On voit que le savant académicien se rend très-bien compte de la portée de ses recherches et de la place qu’elles doivent prendre dans l’histoire générale comme dans la philosophie de l’histoire. C’est qu’en effet l’idée qui domine toute cette étude est celle-ci : les Romains, dès l’époque de Jules César, tous, gouvernants et gouvernés, aspiraient à la monarchie universelle. A commencer par les fondateurs de l’empire, tous les empe­reurs, jusqu’à Trajan, jusqu’à Julien l’Apostat, avaient en vue la domi­nation sur le monde tout entier. C’était là le mobile et le but constant de leur politique, le secret de leur diplomatie ; le centre imaginaire de leurs mouvements militaires. Cette idée, qui flattait singulièrement le patrio­tisme romain et qui répondait du reste parfaitement à la situation, fut tout d’abord saisie avec ardeur par les poëtes. Horace, Virgile, Properce, Tibulle l’expriment sous toutes les formes, elle revient sans cesse dans leurs écrits.

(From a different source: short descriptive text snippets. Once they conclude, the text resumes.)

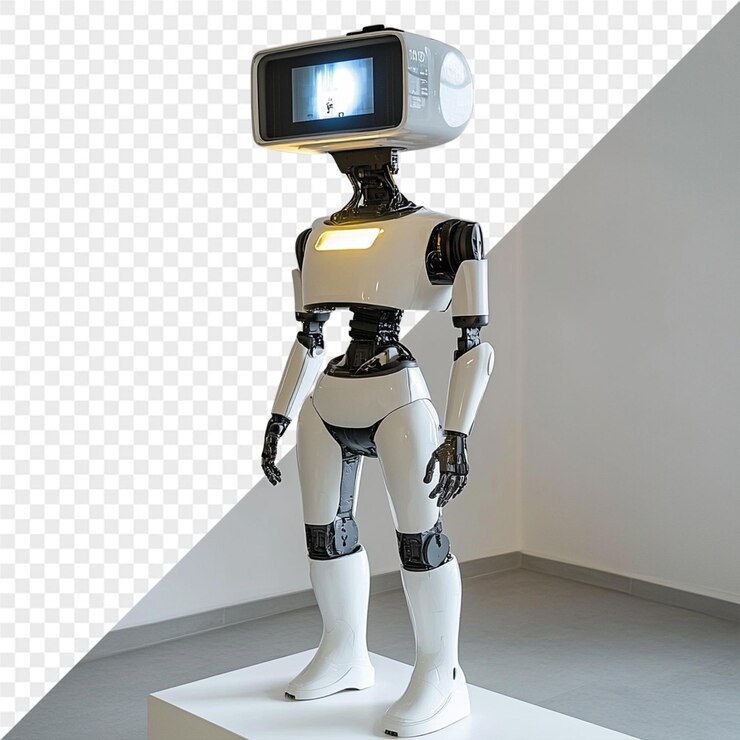 PSD a robot made by a robot is shown with a blue and white background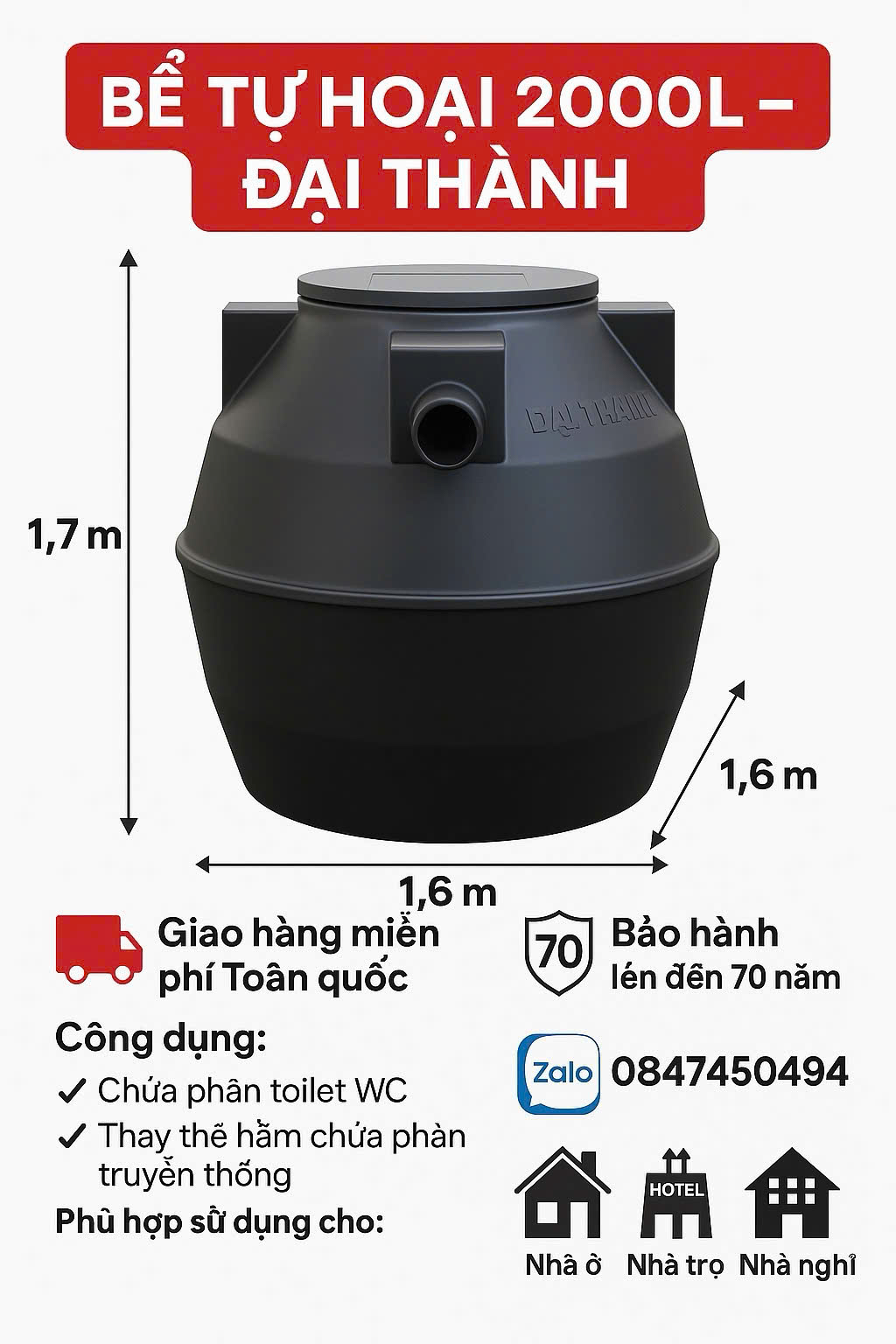 Hầm tự hoại 2000 lít đại thành( bể phốt 2000l) cao cấp chứa phân tolet bồn cầu thay thế hầm phân truyền thống bê tông an toàn sạch sẽ giao miễn phí Toàn Quốc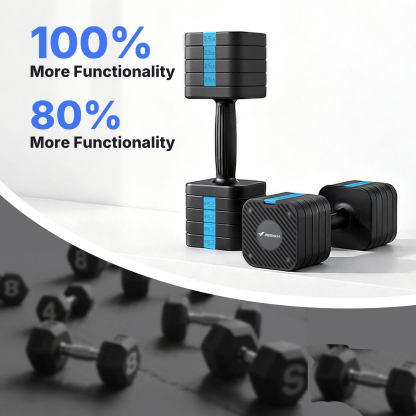 MERACH Adjustable Dumbbell Set, 5 in 1 Free Hand Weights for Home Gym, 25 lbs, Set of 2, Black&Blue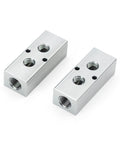 2 Way 4 Port Pneumatic Air Manifold Block 3/8 NPT And 1/4 NPT Aluminum Mounting Block For Air Compressor Outlet Kit 2 Pack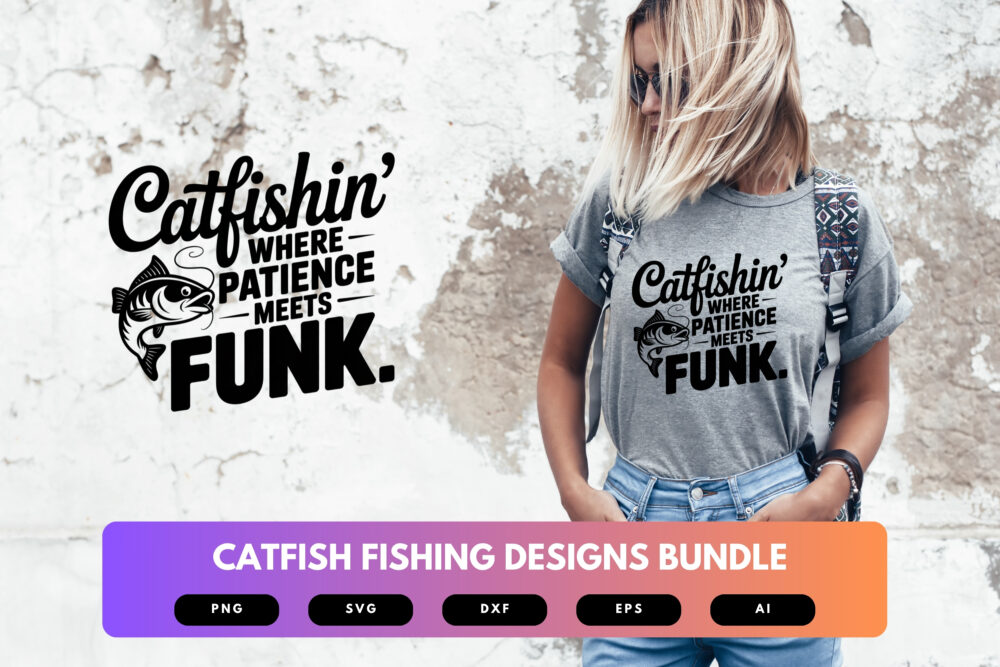 Catfish Fishing SVG Bundle | Angler Clipart, Fishing Silhouette Cut Files for Cricut & Sublimation - Image 5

Sans vouloir entrer dans l’examen du sujet, nous n’hésitons pas à dire que cette thèse n’a rien que de très naturel, et quoiqu’elle n’ait pas entiè­rement échappé aux historiens antérieurs, il n’a été·possible que de nos jours de reconnaître certains faits et de les apprécier dans leur ensemble sous leur véritable jour. Parmi ces faits, je cite en première ligne le plus grand, celui dont les suites furent immenses et qui, encore à l’heure qu’il est, n’est pas arrivé au bout de ses féconds résultats, je veux dire l’expédition d’Alexandre. Ce n’est pas ici le lieu d’insister sur ce point. Signalons seulement cette circonstance, qu’on avait beaucoup trop négligée autrefois et qui n’est point aussi indifférente qu’elle le paraissait à plusieurs historiens : Alexandre avait eu la conscience de son œuvre, il avait agi sous l’inspiration de cette idée de la monarchie universelle, de la fu­sion des races, de·la civilisation de l’Orient par l’Occident. Quoi donc de plus naturel que de voir les Romains, les héritiers d’Alexandre, aspirer à étendre leur pouvoir jusqu’aux limites du monde connu ?

L’auteur part de là pour se demander quelle était l’image que les Ro­mains se faisaient du monde à conquérir, jusqu’où allaient leurs notions géographiques, quelles étaient les connaissances nouvelles qu’ils acquirent en cherchant à accomplir leurs rêves, quels étaient les commencements d’exécution, etc. Nous ne pouvons malheureusement pas suivre l’auteur dans toutes ces excursions. Des hommes plus autorisés le feront d’ailleurs, nous en sommes certain, avec la bonne foi qui ne doit pas être séparée des études sérieuses. Déjà un débat s’est engagé sur un des points soute­nus par M. Reynaud, et ce débat ne pourra que profiter à la science. Pour les lecteurs de la Revue archéologique, nous voulons remarquer que l’archéologie n’est pas restée étrangère à ses recherches. H. Z.